1. One-Size-Fits-All Allocation May Not Suit Your Needs

  • TDFs follow a generic glide path, which may be too conservative or too aggressive for individual retirees.
  • Doesn't adjust for personal financial circumstances, such as pension income, liquidity needs, or longevity risk.

2. Glidepaths Are Often Too Conservative

  • Popular funds (e.g., Vanguard TDFs) may be too conservative in both accumulation and decumulation phases.
  • Reducing stock exposure too aggressively limits growth potential when retirees may need it most.
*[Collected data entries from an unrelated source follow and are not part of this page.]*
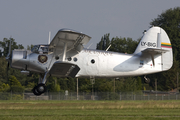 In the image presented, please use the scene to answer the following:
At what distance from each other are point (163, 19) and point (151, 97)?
37.2 meters

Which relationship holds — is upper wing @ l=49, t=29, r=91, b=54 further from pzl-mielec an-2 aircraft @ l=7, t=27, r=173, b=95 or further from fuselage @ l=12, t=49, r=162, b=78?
fuselage @ l=12, t=49, r=162, b=78

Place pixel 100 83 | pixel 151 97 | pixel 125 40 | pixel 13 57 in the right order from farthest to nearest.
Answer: pixel 125 40, pixel 100 83, pixel 151 97, pixel 13 57

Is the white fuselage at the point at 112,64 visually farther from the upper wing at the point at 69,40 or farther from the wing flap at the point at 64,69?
the upper wing at the point at 69,40

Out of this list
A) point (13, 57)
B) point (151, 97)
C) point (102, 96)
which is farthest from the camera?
point (151, 97)

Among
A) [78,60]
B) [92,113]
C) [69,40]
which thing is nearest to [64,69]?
[78,60]

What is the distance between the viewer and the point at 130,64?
58.2ft

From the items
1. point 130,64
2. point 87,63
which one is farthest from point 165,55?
point 87,63

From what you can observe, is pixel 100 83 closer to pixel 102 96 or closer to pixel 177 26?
pixel 102 96

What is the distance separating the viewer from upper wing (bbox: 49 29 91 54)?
47.4ft

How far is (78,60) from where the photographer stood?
16.6 m

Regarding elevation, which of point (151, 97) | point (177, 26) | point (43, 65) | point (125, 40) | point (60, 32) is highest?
point (177, 26)

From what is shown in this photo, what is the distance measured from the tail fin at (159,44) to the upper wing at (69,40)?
4588mm

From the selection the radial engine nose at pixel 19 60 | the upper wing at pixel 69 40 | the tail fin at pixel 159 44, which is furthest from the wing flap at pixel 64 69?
the tail fin at pixel 159 44

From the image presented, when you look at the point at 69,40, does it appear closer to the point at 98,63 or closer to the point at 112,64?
the point at 98,63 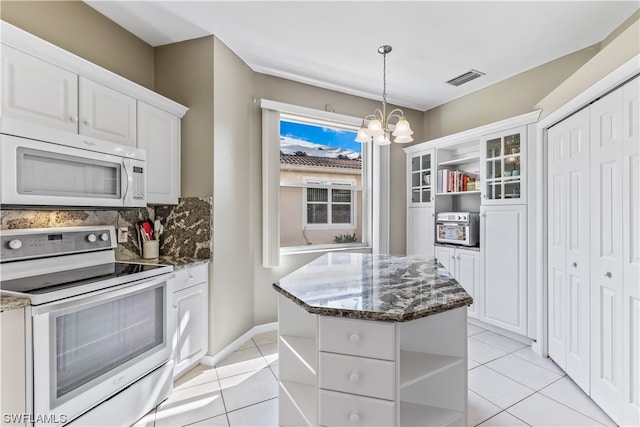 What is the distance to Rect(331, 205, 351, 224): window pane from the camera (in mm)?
4020

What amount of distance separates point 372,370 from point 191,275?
1676 millimetres

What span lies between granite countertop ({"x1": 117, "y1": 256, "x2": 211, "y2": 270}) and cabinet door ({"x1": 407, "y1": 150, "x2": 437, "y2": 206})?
2815mm

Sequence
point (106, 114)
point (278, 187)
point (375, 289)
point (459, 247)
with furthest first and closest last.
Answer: point (459, 247)
point (278, 187)
point (106, 114)
point (375, 289)

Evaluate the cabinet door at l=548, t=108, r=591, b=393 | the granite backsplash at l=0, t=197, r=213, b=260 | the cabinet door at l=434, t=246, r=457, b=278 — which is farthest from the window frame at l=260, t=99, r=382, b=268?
the cabinet door at l=548, t=108, r=591, b=393

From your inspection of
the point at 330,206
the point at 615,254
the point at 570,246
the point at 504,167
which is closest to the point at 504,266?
the point at 570,246

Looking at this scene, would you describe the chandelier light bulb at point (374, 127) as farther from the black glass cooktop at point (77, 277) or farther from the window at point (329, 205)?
the black glass cooktop at point (77, 277)

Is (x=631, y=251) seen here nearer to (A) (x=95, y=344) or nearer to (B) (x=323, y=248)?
(B) (x=323, y=248)

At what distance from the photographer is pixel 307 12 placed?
2350 millimetres

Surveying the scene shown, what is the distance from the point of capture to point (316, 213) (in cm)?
388

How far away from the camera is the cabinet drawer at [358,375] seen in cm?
128

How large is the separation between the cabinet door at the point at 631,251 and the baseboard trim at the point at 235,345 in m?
2.76

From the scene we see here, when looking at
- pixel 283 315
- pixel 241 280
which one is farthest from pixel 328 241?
pixel 283 315

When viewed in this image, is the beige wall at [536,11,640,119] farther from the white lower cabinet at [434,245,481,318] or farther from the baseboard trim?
the baseboard trim

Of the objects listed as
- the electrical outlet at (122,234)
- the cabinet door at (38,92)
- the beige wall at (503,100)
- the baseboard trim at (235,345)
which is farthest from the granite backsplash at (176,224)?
the beige wall at (503,100) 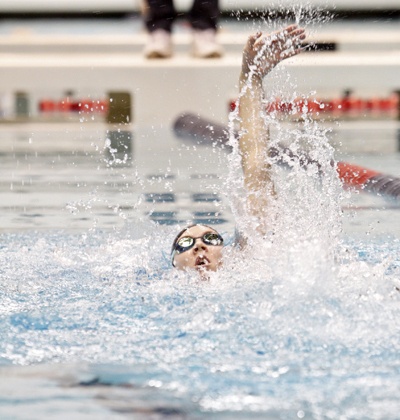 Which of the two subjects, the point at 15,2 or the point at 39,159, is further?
the point at 15,2

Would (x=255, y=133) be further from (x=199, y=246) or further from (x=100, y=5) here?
(x=100, y=5)

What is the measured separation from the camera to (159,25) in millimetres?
8781

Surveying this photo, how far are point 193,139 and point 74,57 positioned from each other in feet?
9.13

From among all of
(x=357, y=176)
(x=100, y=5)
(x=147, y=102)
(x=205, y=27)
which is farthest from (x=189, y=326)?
(x=100, y=5)

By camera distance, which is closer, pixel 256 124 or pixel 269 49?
pixel 269 49

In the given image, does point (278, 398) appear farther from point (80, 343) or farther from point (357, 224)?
point (357, 224)

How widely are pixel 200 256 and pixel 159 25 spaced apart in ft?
20.7

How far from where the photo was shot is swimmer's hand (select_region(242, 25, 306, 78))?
9.15 ft

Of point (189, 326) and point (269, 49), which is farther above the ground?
point (269, 49)

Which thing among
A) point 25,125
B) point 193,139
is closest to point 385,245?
point 193,139

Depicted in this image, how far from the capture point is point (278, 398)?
165 centimetres

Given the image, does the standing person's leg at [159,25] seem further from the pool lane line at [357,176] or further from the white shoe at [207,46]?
the pool lane line at [357,176]

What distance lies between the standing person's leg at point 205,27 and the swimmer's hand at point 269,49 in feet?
18.9

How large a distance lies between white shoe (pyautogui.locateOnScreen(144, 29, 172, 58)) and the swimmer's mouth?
6411 mm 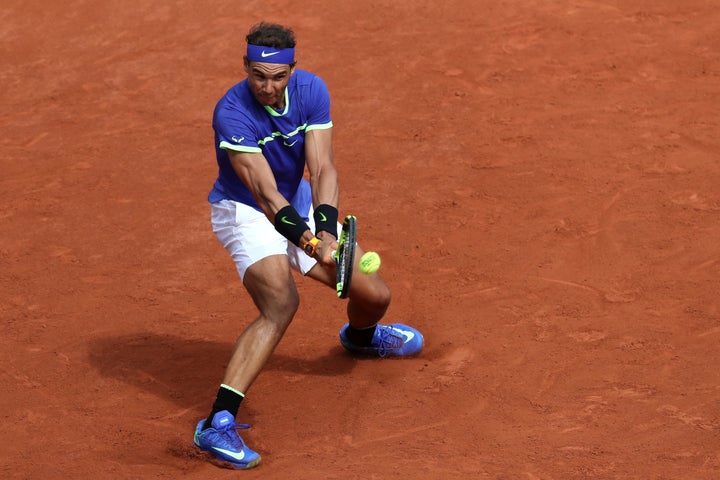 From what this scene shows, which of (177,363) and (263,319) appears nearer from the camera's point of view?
(263,319)

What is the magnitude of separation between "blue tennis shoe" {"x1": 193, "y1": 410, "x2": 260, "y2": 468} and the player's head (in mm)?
1874

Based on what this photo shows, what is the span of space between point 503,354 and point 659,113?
4.24m

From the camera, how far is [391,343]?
308 inches

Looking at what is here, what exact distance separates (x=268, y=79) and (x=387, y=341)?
6.66ft

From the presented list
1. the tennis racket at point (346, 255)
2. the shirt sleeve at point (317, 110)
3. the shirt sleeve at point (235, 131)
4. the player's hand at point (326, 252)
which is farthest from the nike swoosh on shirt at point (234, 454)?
the shirt sleeve at point (317, 110)

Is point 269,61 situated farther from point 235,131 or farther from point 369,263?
point 369,263

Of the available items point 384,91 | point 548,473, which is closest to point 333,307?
point 548,473

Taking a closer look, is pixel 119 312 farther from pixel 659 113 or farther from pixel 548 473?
pixel 659 113

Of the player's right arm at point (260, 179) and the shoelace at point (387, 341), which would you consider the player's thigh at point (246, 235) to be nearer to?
the player's right arm at point (260, 179)

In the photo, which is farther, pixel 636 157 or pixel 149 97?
pixel 149 97

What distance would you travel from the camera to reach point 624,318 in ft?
26.2

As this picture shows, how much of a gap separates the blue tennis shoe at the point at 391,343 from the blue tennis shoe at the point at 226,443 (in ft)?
4.60

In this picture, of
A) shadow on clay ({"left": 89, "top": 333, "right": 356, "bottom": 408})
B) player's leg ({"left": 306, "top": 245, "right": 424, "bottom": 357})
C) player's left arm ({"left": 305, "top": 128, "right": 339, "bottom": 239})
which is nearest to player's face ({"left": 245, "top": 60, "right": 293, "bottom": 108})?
player's left arm ({"left": 305, "top": 128, "right": 339, "bottom": 239})

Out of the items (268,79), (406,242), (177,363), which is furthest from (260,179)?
(406,242) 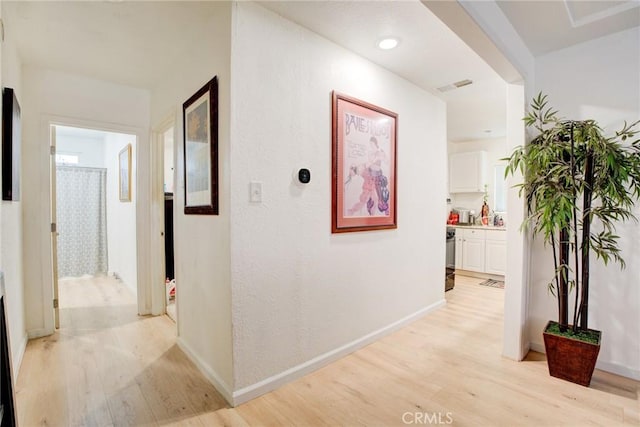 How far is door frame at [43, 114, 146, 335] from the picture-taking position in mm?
2908

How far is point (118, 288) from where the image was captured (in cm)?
451

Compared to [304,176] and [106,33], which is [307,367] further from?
[106,33]

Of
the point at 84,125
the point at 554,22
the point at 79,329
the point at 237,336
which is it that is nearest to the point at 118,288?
the point at 79,329

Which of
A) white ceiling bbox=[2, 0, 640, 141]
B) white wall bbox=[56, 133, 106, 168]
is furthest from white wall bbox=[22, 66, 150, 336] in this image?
white wall bbox=[56, 133, 106, 168]

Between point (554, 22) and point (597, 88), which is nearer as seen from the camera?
point (554, 22)

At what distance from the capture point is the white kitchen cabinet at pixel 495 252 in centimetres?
487

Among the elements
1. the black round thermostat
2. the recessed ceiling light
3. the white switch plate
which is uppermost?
the recessed ceiling light

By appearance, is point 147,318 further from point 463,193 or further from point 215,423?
point 463,193

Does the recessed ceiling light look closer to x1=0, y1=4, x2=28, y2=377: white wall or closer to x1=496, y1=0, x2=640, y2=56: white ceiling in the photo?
x1=496, y1=0, x2=640, y2=56: white ceiling

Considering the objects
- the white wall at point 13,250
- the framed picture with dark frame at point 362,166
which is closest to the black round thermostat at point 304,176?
the framed picture with dark frame at point 362,166

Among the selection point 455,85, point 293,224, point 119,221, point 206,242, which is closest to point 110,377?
point 206,242

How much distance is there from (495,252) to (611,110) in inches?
121

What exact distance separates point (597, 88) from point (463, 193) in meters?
3.76

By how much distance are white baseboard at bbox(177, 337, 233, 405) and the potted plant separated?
2.19 metres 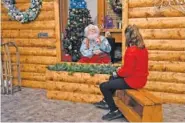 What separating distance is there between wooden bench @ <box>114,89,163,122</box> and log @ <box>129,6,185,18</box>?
1663mm

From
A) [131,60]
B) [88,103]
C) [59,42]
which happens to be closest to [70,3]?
[59,42]

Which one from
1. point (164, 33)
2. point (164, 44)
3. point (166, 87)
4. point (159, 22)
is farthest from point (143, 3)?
point (166, 87)

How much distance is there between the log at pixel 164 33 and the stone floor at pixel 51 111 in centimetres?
128

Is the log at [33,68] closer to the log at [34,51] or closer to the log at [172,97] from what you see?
the log at [34,51]

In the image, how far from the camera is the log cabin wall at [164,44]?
5.62m

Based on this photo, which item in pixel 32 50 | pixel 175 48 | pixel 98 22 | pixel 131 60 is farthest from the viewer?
pixel 98 22

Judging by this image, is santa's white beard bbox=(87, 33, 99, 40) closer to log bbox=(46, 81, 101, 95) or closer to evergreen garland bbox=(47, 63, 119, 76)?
evergreen garland bbox=(47, 63, 119, 76)

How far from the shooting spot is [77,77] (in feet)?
19.5

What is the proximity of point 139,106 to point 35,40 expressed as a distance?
3700 millimetres

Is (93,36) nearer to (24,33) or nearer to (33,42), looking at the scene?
(33,42)

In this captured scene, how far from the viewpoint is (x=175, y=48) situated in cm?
566

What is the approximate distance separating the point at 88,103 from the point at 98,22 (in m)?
3.13

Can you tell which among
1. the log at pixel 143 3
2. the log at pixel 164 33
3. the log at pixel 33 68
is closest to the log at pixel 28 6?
the log at pixel 33 68

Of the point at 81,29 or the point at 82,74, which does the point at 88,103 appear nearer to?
the point at 82,74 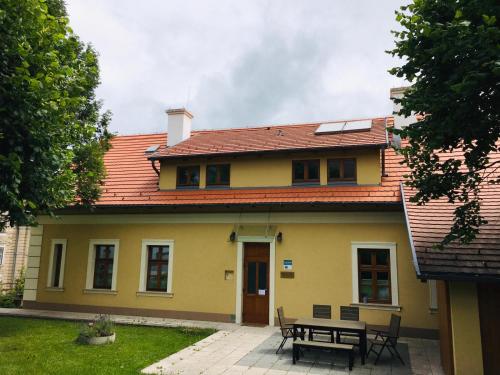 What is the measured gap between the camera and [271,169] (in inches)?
559

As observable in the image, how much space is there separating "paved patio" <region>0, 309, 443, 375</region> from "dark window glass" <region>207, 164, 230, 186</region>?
531 centimetres

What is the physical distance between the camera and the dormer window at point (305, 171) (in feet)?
45.2

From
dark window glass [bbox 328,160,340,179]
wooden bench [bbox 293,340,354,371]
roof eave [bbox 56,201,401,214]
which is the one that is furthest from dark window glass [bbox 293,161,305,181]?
wooden bench [bbox 293,340,354,371]

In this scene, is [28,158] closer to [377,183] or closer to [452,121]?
[452,121]

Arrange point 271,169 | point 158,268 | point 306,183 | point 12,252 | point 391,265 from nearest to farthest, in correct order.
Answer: point 391,265, point 306,183, point 271,169, point 158,268, point 12,252

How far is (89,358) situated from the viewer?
8.77 meters

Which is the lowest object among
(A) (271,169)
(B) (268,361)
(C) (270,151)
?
(B) (268,361)

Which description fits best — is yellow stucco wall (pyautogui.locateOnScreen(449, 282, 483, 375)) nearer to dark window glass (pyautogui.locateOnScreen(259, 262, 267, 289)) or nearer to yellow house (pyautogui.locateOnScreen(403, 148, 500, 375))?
yellow house (pyautogui.locateOnScreen(403, 148, 500, 375))

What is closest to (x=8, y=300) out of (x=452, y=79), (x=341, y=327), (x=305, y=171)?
(x=305, y=171)

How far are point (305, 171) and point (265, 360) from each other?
681 centimetres

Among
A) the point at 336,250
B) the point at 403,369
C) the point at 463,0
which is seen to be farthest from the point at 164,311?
the point at 463,0

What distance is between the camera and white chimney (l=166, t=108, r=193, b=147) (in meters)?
17.4

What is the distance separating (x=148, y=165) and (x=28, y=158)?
993cm

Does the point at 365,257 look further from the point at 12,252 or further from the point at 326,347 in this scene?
the point at 12,252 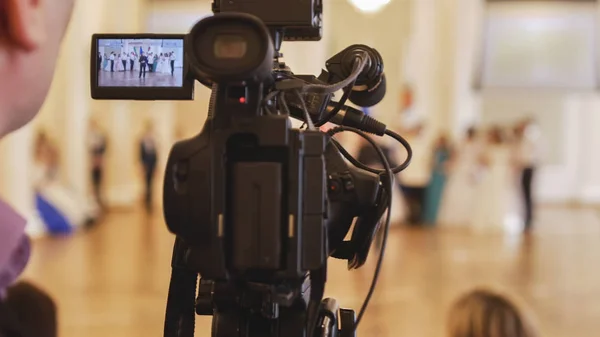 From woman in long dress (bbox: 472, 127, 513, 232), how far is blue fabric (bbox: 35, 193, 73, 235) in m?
4.91

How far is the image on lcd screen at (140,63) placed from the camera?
90cm

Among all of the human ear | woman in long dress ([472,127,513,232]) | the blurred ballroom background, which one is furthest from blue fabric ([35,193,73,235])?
the human ear

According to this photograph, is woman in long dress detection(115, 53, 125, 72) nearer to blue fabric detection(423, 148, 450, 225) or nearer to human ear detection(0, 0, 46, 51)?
human ear detection(0, 0, 46, 51)

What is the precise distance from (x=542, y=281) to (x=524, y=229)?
10.2 ft

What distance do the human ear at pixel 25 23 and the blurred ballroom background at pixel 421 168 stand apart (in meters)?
3.21

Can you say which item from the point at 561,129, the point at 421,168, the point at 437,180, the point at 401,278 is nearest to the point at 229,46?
the point at 401,278

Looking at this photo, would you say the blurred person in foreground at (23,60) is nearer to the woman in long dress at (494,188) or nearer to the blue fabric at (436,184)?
the woman in long dress at (494,188)

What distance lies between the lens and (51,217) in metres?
7.46

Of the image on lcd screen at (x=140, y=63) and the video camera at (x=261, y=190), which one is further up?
the image on lcd screen at (x=140, y=63)

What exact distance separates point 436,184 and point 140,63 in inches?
319

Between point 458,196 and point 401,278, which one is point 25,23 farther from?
point 458,196

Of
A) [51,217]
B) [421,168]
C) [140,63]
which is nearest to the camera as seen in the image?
[140,63]

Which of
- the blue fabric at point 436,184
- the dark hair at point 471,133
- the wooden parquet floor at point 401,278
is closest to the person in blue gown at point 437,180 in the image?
the blue fabric at point 436,184

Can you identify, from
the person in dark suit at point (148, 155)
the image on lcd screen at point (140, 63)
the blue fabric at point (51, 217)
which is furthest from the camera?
the person in dark suit at point (148, 155) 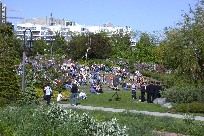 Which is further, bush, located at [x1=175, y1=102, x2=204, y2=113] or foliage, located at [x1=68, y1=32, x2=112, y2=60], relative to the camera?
foliage, located at [x1=68, y1=32, x2=112, y2=60]

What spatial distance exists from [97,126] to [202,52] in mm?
25709

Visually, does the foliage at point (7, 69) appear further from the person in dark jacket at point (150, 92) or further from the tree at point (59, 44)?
the tree at point (59, 44)

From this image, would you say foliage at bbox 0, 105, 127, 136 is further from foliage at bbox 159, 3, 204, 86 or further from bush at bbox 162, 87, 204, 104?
foliage at bbox 159, 3, 204, 86

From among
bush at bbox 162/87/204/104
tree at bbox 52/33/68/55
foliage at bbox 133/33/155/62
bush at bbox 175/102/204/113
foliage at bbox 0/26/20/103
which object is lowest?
bush at bbox 175/102/204/113

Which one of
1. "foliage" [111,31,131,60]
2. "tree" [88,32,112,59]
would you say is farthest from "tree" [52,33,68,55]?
"tree" [88,32,112,59]

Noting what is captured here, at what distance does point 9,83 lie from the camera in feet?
89.6

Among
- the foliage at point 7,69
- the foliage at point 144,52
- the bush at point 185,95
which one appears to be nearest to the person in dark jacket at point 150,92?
the bush at point 185,95

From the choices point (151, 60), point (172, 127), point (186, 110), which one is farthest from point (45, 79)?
point (151, 60)

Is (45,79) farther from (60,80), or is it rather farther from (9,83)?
(9,83)

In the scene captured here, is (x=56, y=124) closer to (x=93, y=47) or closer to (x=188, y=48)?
(x=188, y=48)

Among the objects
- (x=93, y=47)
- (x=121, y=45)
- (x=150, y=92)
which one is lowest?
(x=150, y=92)

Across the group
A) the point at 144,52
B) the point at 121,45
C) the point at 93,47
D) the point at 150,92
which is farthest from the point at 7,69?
the point at 121,45

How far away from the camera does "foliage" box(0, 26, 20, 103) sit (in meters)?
26.9

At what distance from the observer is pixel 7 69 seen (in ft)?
90.9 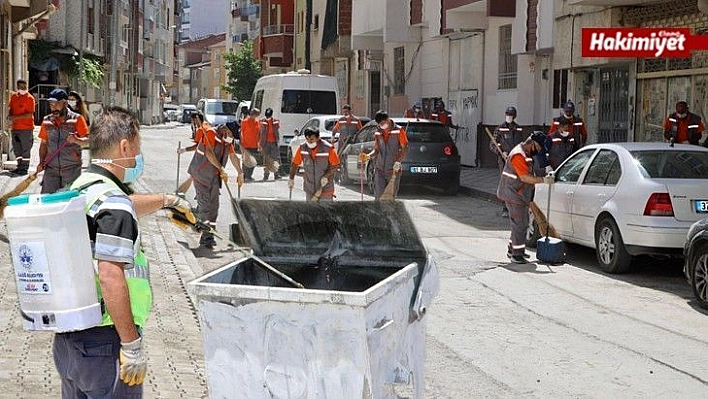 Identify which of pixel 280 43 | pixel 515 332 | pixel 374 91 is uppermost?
pixel 280 43

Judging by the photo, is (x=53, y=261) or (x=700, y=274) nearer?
(x=53, y=261)

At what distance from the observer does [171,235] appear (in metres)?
14.1

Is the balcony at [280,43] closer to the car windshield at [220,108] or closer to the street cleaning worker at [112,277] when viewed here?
the car windshield at [220,108]

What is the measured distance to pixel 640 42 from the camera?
788 inches

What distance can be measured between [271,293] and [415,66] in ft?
102

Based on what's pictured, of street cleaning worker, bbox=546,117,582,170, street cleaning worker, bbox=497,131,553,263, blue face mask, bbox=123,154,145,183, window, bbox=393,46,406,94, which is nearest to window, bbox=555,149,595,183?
street cleaning worker, bbox=497,131,553,263

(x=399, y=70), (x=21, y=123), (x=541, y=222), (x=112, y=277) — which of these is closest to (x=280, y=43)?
(x=399, y=70)

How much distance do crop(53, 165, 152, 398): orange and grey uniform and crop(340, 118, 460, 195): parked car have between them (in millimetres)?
16638

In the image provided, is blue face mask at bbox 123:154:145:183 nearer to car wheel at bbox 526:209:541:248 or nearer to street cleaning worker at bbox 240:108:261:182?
car wheel at bbox 526:209:541:248

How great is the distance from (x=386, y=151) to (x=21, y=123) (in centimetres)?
783

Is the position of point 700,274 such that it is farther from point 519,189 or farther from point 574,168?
point 574,168

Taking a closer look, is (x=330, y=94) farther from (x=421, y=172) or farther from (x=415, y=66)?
(x=421, y=172)

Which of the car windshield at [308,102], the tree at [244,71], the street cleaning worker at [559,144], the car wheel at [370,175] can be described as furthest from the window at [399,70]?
the tree at [244,71]

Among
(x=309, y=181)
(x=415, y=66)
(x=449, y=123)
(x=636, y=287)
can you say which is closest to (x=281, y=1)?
(x=415, y=66) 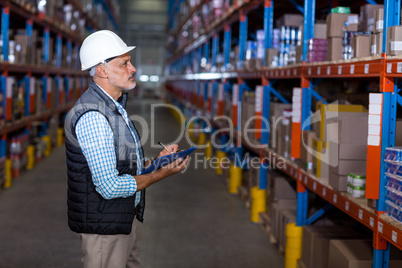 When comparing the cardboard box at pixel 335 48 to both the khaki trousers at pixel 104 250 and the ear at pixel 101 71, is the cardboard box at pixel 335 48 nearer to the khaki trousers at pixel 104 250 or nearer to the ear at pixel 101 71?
the ear at pixel 101 71

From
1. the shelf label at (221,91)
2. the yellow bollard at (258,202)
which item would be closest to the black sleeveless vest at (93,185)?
the yellow bollard at (258,202)

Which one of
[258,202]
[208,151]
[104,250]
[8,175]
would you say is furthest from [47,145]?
[104,250]

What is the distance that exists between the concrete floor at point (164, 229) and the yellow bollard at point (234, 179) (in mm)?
145

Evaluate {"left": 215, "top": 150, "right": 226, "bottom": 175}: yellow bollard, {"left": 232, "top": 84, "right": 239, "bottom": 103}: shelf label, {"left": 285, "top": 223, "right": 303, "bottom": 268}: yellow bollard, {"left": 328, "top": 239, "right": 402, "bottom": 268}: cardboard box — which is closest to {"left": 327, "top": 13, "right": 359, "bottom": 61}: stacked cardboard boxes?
{"left": 328, "top": 239, "right": 402, "bottom": 268}: cardboard box

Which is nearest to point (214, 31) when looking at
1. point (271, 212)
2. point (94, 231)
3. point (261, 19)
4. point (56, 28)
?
point (261, 19)

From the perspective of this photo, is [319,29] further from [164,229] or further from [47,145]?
[47,145]

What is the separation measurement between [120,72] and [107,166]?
21.0 inches

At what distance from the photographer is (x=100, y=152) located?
227cm

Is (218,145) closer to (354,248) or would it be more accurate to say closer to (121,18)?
(354,248)

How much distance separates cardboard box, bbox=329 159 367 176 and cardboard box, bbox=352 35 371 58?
Result: 0.70 m

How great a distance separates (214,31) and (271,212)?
5153 millimetres

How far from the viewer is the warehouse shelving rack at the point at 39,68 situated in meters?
6.76

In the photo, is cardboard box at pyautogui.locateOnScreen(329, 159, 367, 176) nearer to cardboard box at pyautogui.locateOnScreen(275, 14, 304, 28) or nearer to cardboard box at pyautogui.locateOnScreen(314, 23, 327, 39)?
cardboard box at pyautogui.locateOnScreen(314, 23, 327, 39)

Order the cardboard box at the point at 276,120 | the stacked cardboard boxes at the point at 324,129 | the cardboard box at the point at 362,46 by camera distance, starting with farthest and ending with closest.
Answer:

3. Limited Flexibility in Withdrawal Strategy

  • Retirees often need dynamic withdrawal strategies based on market conditions and tax efficiency.
  • TDFs force proportional withdrawals, preventing retirees from taking advantage of:
    • The Bucket Strategy, which separates assets into cash, bonds, and stocks.
    • The 4% Safe Withdrawal Rate Rule, which sells bonds in bad markets and equities in good times.
    • Dividend or income-based strategies to provide a predictable cash flow.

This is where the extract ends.